The Effect of Early Life Stress on Emotional Behaviors in GPR37KO Mice

GPR37 is an orphan G-protein-coupled receptor, a substrate of parkin which is linked to Parkinson’s disease (PD) and affective disorders. In this study, we sought to address the effects of early life stress (ELS) by employing the paradigm of limited nesting material on emotional behaviors in adult GPR37 knockout (KO) mice. Our results showed that, while there was an adverse effect of ELS on various domains of emotional behaviors in wild type (WT) mice in a sex specific manner (anxiety in females, depression and context-dependent fear memory in males), GPR37KO mice subjected to ELS exhibited less deteriorated emotional behaviors.
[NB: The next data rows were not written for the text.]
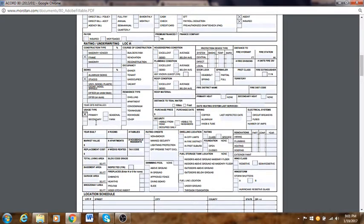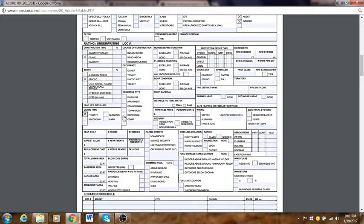Always ask the client upfront whether this is a primary or secondary home. There are also seasonal and farm home options. Then choose the residence type: is it a dwelling — a regular brick or frame home — an apartment, condo, co-op, townhouse, or row house? Townhouse and row house are similar; you can search Google for the difference. Co-op is also an option. For our purposes let's say it's a dwelling. Housekeeping condition: excellent or good — let's put good. Roof condition: good.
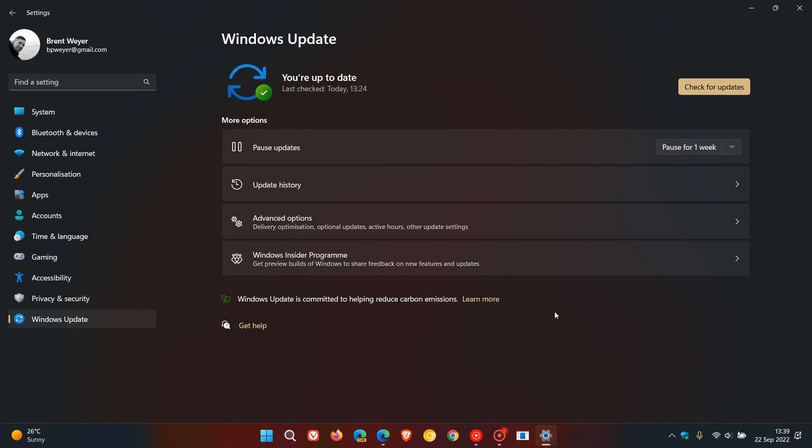And regarding the cumulative updates for version 22H2, they've improved the updates by making them smaller to download, according to Microsoft, faster to install and consuming less disk space once again.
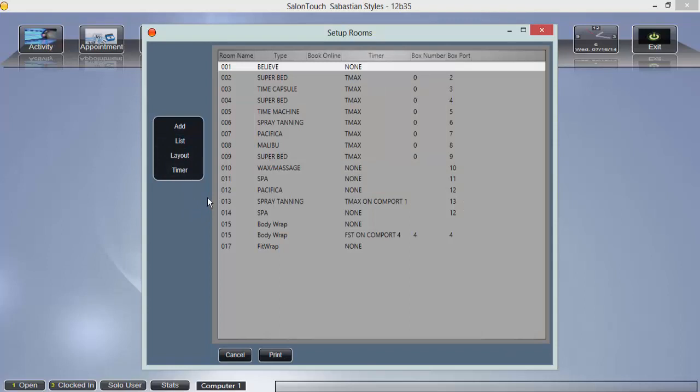This feature simplifies the process of assigning clients to rooms. To set up your room layout, click the layout button on the left of the setup screen.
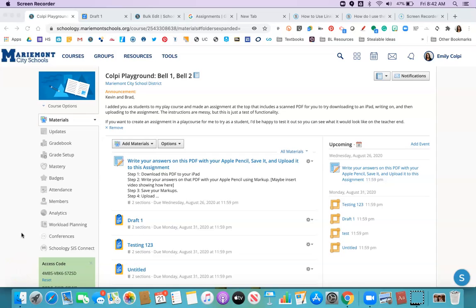Hey everyone, in this video we are going to take a tour of this new add-on called Google Assignments.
GPR37KO female mice under ELS conditions displayed reduced anxiety compared to WT mice. This was paralleled by lower plasma corticosterone in GPR37KO females and a lower increase in P-T286-CaMKII by ELS in the amygdala. GPR37KO male mice, under ELS conditions, showed better retention of hippocampal-dependent emotional processing in the passive avoidance behavioral task. GPR37KO male mice showed increased immobility in the forced swim task and increased P-T286-CaMKII in the ventral hippocampus under baseline conditions. Taken together, our data showed overall long-term effects of ELS—deleterious or beneficial depending on the genotype, sex of the mice and the emotional context.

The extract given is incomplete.